An overlooked entry from a blog I sometimes read raises some unsettling questions about our future environmental well-being.
Annie Proulx,
the novelist most famous for “The Shipping News” (1993), argues
landscape appears and matters less in contemporary stories than in those
written a half-century ago or earlier.... In the course of the last century, she notes, the natural
landscape became something other than what Americans lived in and with;
increasingly, it became what they observed from afar or passed through.
Today, she concludes, writers’ audiences consist of ever-increasing
numbers of “urban and suburban readers and critics who have little or no
experience of the natural world.”
Accordingly, “The vast number of readers, editors, booksellers,
critics—and writers themselves—” explains Proulx, “have little knowledge
or recognition of landforms, regional differences, wilderness areas, or
even the existence of extensive rural and frontier locales.” This
dearth of knowledge and experience, Proulx claims, is evident in
contemporary American fiction: nature appears less and less often as
something formative, as something more substantive than backdrop.
Research published last month
in Sociological Inquiry suggests the decreased presence of natural
landscapes, or nature, in stories isn’t limited only to adult fiction.
Since the 1970s, the study’s authors state, “natural environments have
all but disappeared” from children’s books.
So then, the blogger asks, Will
diminished exposure through story combine with urban and suburban
lifestyles’ physical isolation from the natural world to strengthen the
separation between the nonhuman and human, between nature and culture?
I would guess that reading does less to shape one's relationship with nature than actual time spent outdoors, though with that diminishing, perhaps there is a greater role for reading in shaping attitudes toward the environment (However, I'm increasingly skeptical about the capacity of reading to affect young people in any way). All the same, the trend described here represents a nearly seismic shift in literary culture. Nature has had a prominent role in American literature at least since William Bartram cobbled notes on his journey though Florida into the first international best seller by an American writer. And who can imagine children's stories without animals, or without more works like Where the Red Fern Grows or Island of the Blue Dolphins?

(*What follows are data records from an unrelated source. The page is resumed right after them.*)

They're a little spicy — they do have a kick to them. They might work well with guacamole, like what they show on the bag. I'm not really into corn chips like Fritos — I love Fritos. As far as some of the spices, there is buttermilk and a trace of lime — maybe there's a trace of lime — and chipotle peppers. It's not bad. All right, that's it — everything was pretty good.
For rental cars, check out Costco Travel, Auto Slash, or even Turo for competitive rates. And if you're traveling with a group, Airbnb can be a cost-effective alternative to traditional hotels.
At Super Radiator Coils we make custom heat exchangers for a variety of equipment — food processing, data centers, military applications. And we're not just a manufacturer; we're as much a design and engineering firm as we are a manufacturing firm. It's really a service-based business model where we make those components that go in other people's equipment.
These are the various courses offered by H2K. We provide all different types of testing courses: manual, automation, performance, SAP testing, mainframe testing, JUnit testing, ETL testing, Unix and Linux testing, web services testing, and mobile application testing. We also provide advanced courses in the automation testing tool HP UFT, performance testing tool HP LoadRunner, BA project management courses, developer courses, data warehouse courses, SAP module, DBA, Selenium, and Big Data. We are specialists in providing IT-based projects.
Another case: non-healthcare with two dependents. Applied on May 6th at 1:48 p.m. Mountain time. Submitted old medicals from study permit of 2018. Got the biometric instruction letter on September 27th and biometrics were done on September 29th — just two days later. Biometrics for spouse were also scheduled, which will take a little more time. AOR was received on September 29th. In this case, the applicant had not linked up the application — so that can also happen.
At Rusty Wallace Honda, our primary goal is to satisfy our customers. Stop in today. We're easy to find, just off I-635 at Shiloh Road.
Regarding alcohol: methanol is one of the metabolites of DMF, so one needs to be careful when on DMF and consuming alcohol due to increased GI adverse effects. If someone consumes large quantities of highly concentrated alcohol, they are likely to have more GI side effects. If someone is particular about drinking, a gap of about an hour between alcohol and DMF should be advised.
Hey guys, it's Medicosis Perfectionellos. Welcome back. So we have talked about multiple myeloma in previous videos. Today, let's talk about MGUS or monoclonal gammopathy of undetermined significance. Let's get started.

Obviously we've had our fair share of writers with roots in the concrete, too, many of whom I like very much. But works in which the natural world has a strong and vibrant presence have done much to deepen my own awareness of and concern for it, not to mention leading me into my profession.
The Precipitate blogger urged a renaissance of nature in children's literature. I'm afraid fish blogging can't contribute much to that work, but I'm rooting for whoever takes it up.